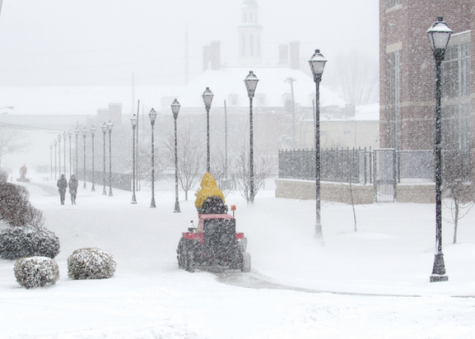 City reacts to snow accumulation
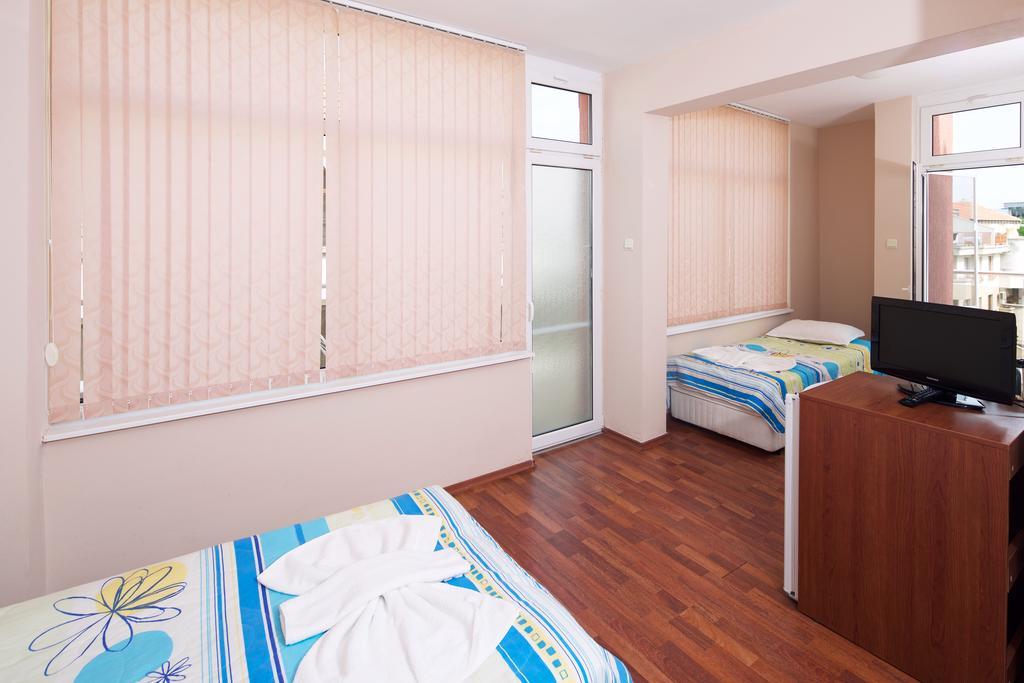 Red House Guest House Nesebar Quarto foto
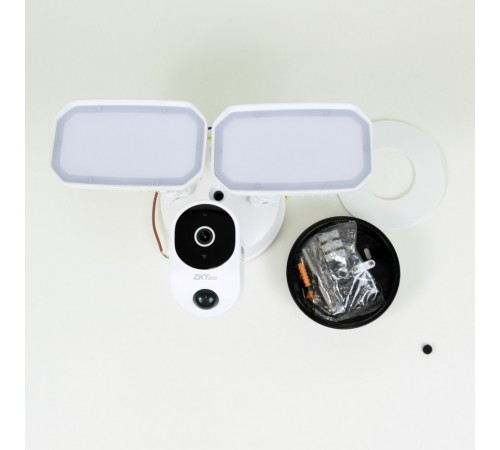 IP-відеокамера 3 Мп ZKTeco C9A2P WiFi LED light для системи відеонагляду IP-відеокамера 3 Мп ZKTeco C9A2P WiFi LED light для системи відеонагляду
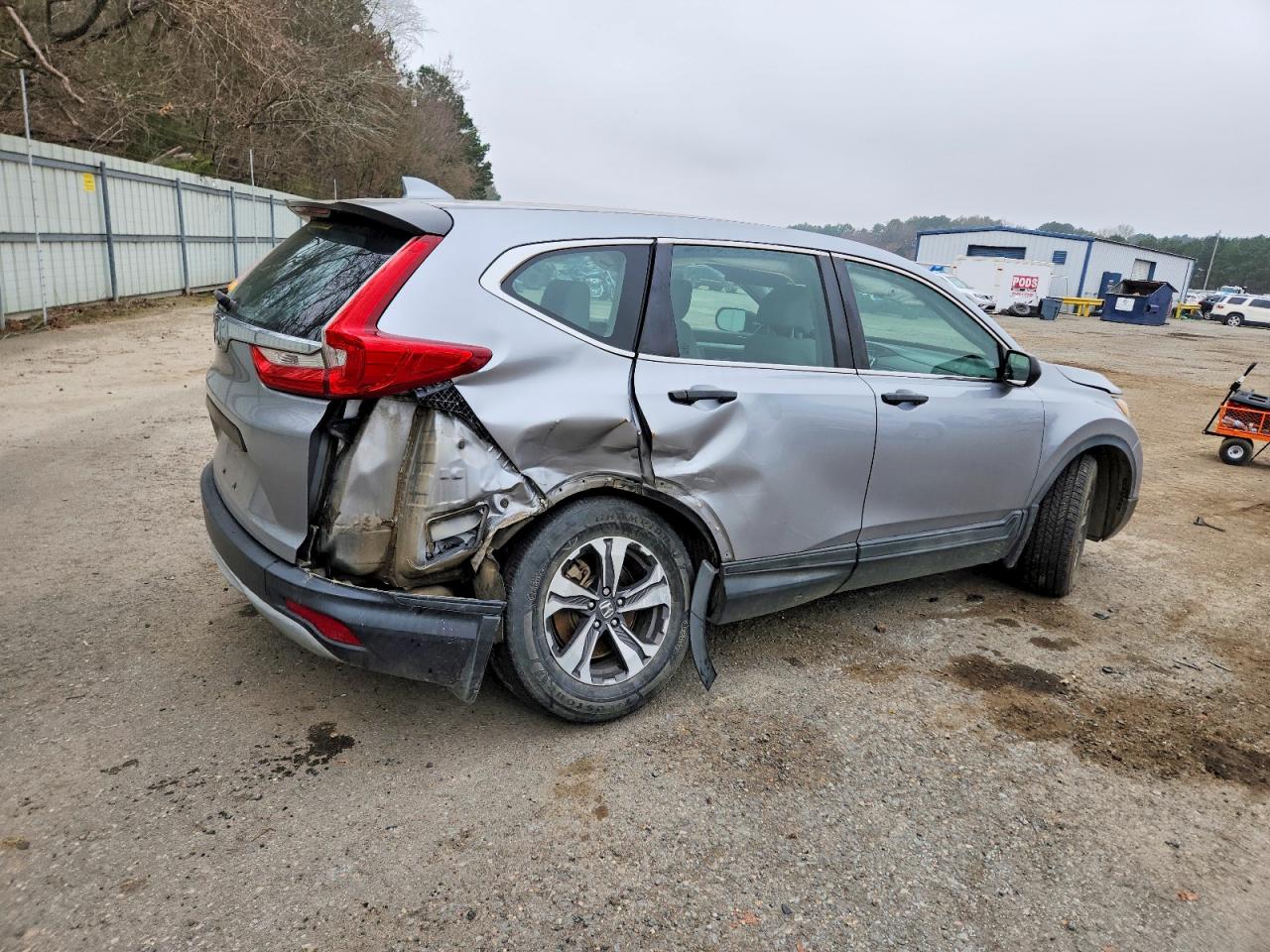 2017 HONDA CR-V LX photo 3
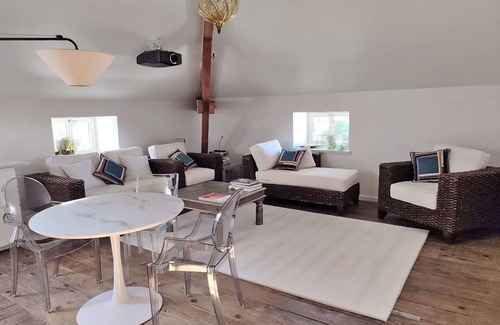 Remiremont House | Suite de Charme en Mezzanine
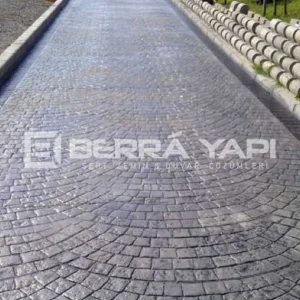 Baskı Beton Fiyatları 2026: Metrekare Maliyeti Neye Göre Değişir?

++++++++

**About this task:** All lines from the one holding "Remiremont House |" through the last line of the records need to be copied exactly, both ends included, and the pictures left behind.

**Answer to the problem:**
 Remiremont House | Suite de Charme en Mezzanine
 Baskı Beton Fiyatları 2026: Metrekare Maliyeti Neye Göre Değişir?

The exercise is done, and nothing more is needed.